## Exercise requirements
Each entry below should be written out exactly as it is, with no pictures.

Data records Block Start

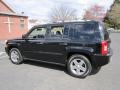 2007 Black Clearcoat Jeep Patriot Limited 4x4  photo #4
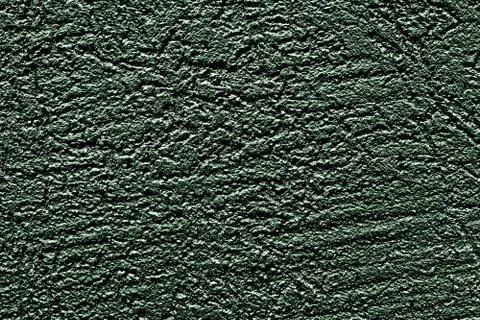 The wall is made of plaster. Rough surface. Solid color abstract background. Foto stock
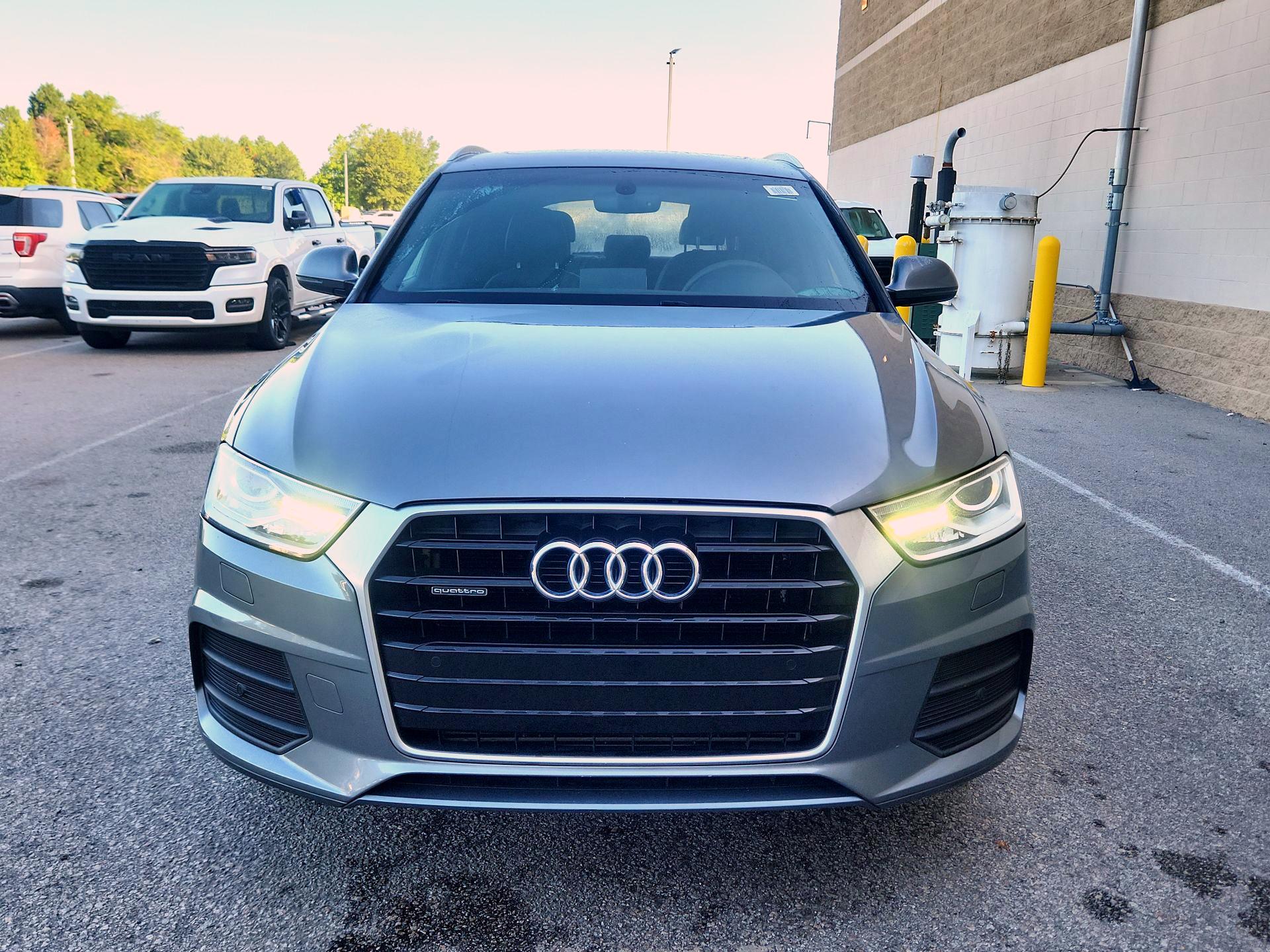 Thumbnail: 2017 Audi Q3 - 2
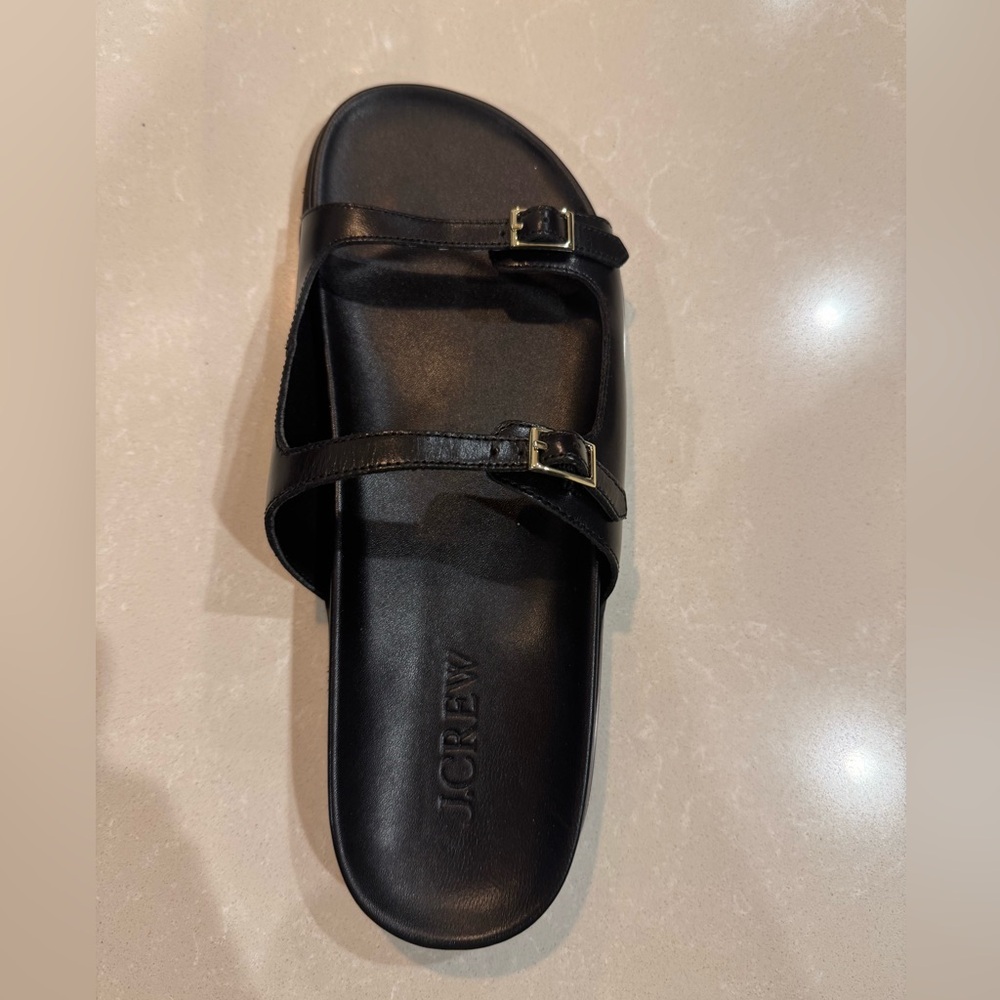 J. Crew sandals NIB size 10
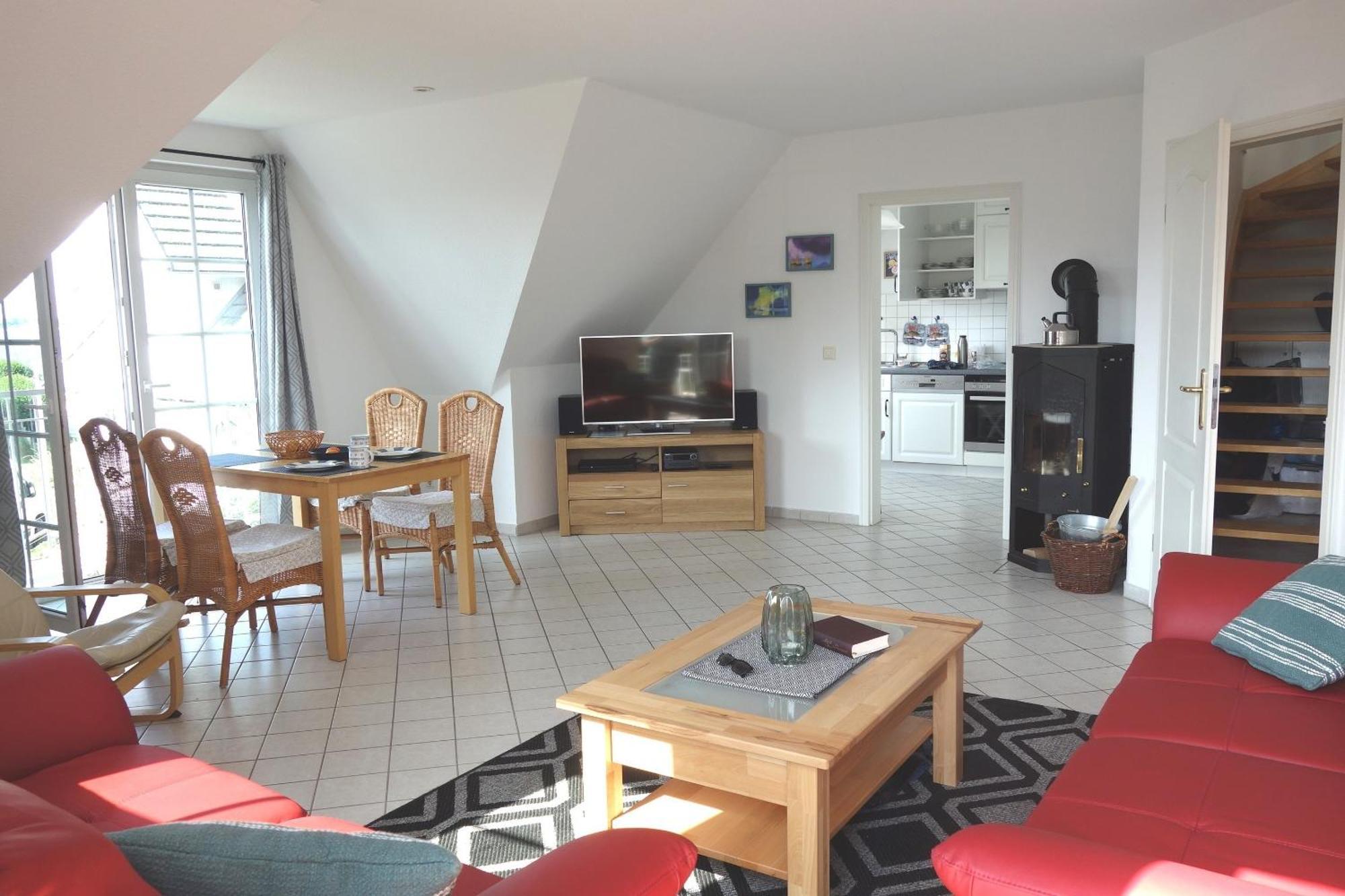 Mina Apartment Fehmarn Bagian luar foto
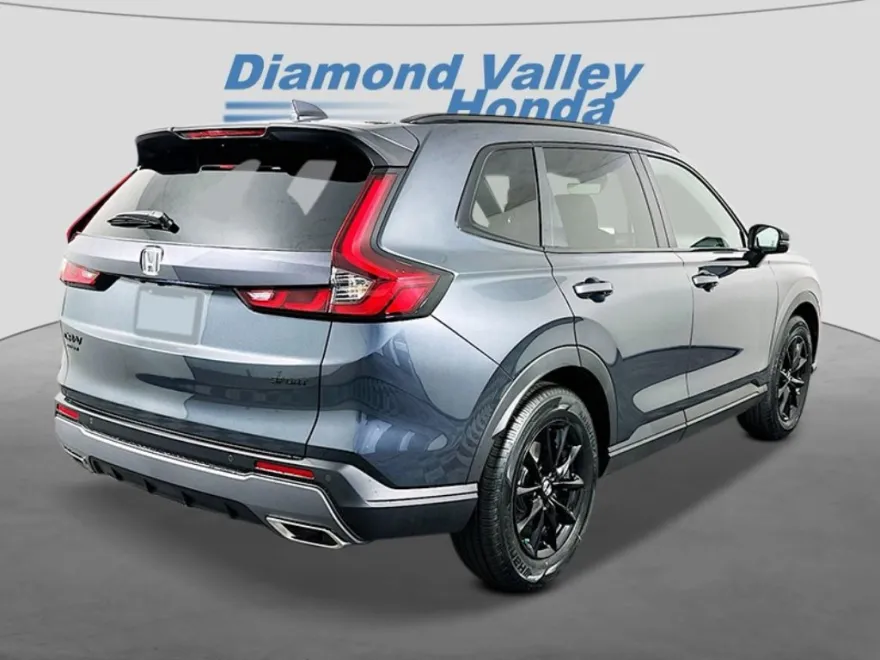 2026 Honda CR-V Hybrid Sport-L photo 1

Data records Block End

## Task solution
 2007 Black Clearcoat Jeep Patriot Limited 4x4  photo #4
 The wall is made of plaster. Rough surface. Solid color abstract background. Foto stock
 Thumbnail: 2017 Audi Q3 - 2
 J. Crew sandals NIB size 10
 Mina Apartment Fehmarn Bagian luar foto
 2026 Honda CR-V Hybrid Sport-L photo 1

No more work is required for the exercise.